We tinkered enough with the table for now. Now let's try to visualise the centralities.

We can do that easily by simply passing the values as a node_color. networkx/matplotlib will find a way to translate these into an actual color.

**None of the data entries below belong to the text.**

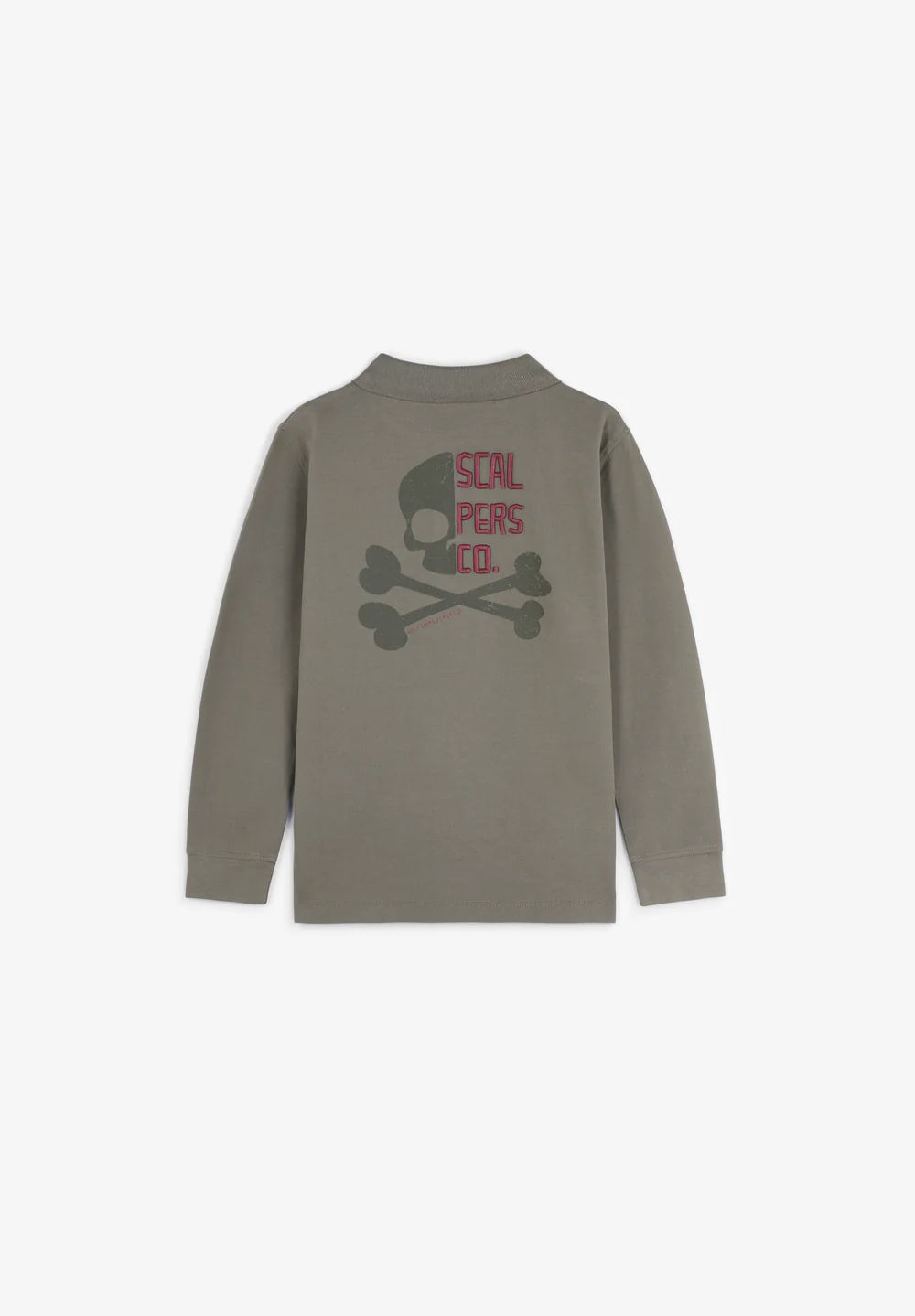 Polo Sc Kids Logo Bordado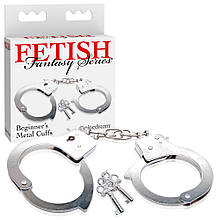 Металеві наручники для початківців Fetish Fantasy Series Beginner's Metal Cuffs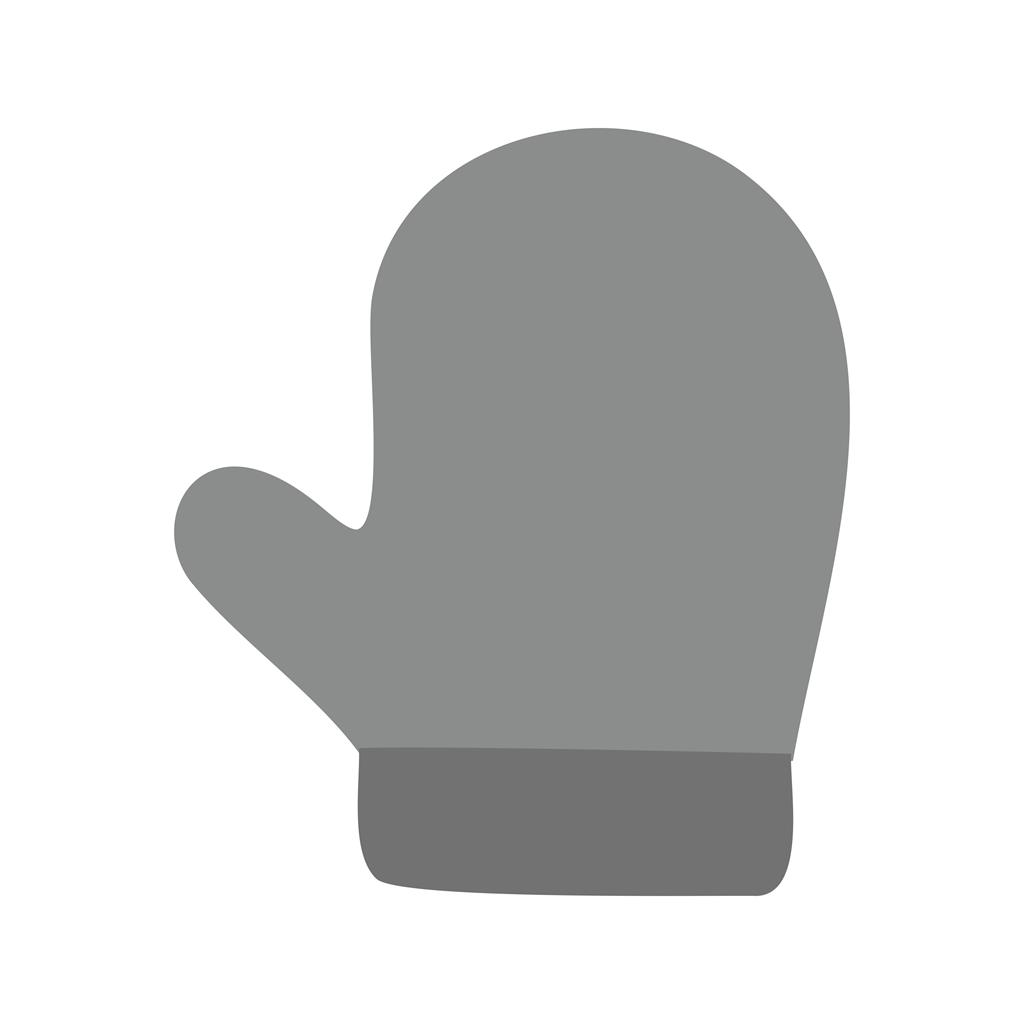 Glove Greyscale Icon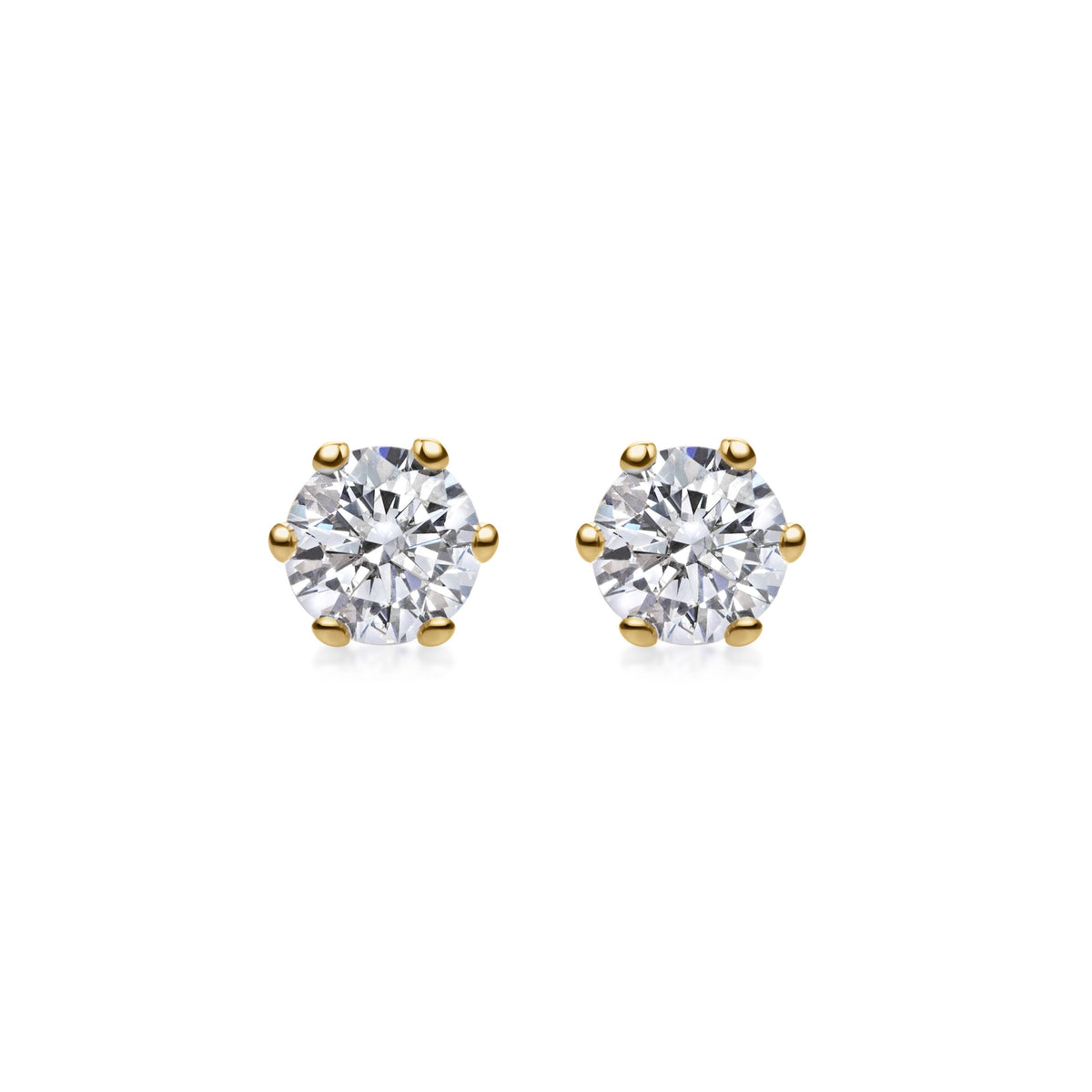 0.5 CT Round Solitaire G/VVS Lab Grown Diamond Earrings - Camila Brown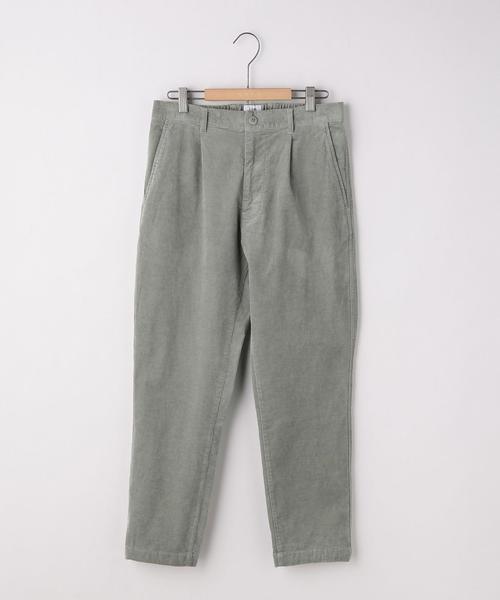 coen（コーエン）の「ストレッチコーデュロイ裏起毛タックテーパードパンツ（その他パンツ・メンズ・ネイビー/グレー/マスタード・X-LARGE/SMALL/MEDIUM/LARGE）」の11枚目の写真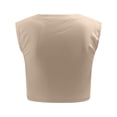 thumbnail image 5 of Pompotops Women's Sleeveless Solid Crop Basic Tank Yoga Sport Tops Gift For Women, 5 of 5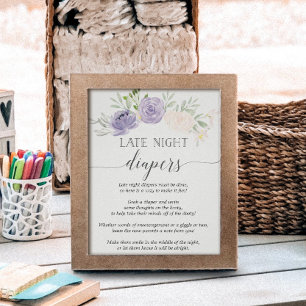 Pastel Paars Baby shower Uitnodiging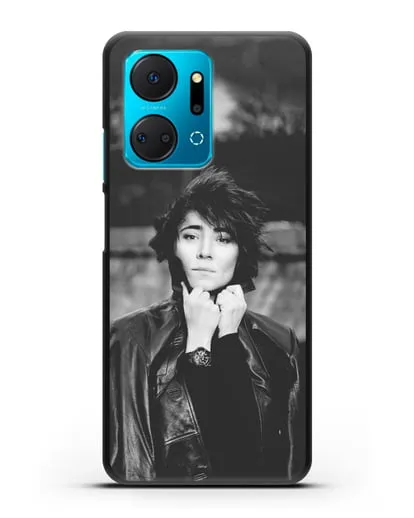 Чехол с фотографией Земфиры силиконовый для Honor X7a Plus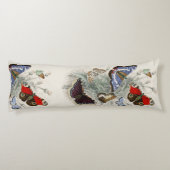 Coussins Longs Illustration Scientifique Botanique de Papillon de (Dos)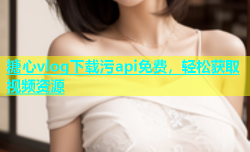 糖心vlog下载污api免费，轻松获取视频资源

Part 2 - Visualising node properties¶

Let's see how the various centrality measures look like:

In [13]:

nx.draw(G, pos, with_labels = True, node_color = list(centralities['degree_centr']))

In [14]:

nx.draw(G, pos, with_labels = True, node_color = list(centralities['closeness_centr']))

In [15]:

nx.draw(G, pos, with_labels = True, node_color = list(centralities['betweenness_centr']))

In [16]:

nx.draw(G, pos, with_labels = True, node_color = list(centralities['eigenvector_centr']))

We can observe that there is quite a lot of similarity in the relative distribution of colors, but with some notable differences in the central nodes. That is to be expected, as each centrality measure has its own distinct definition (and purpose!).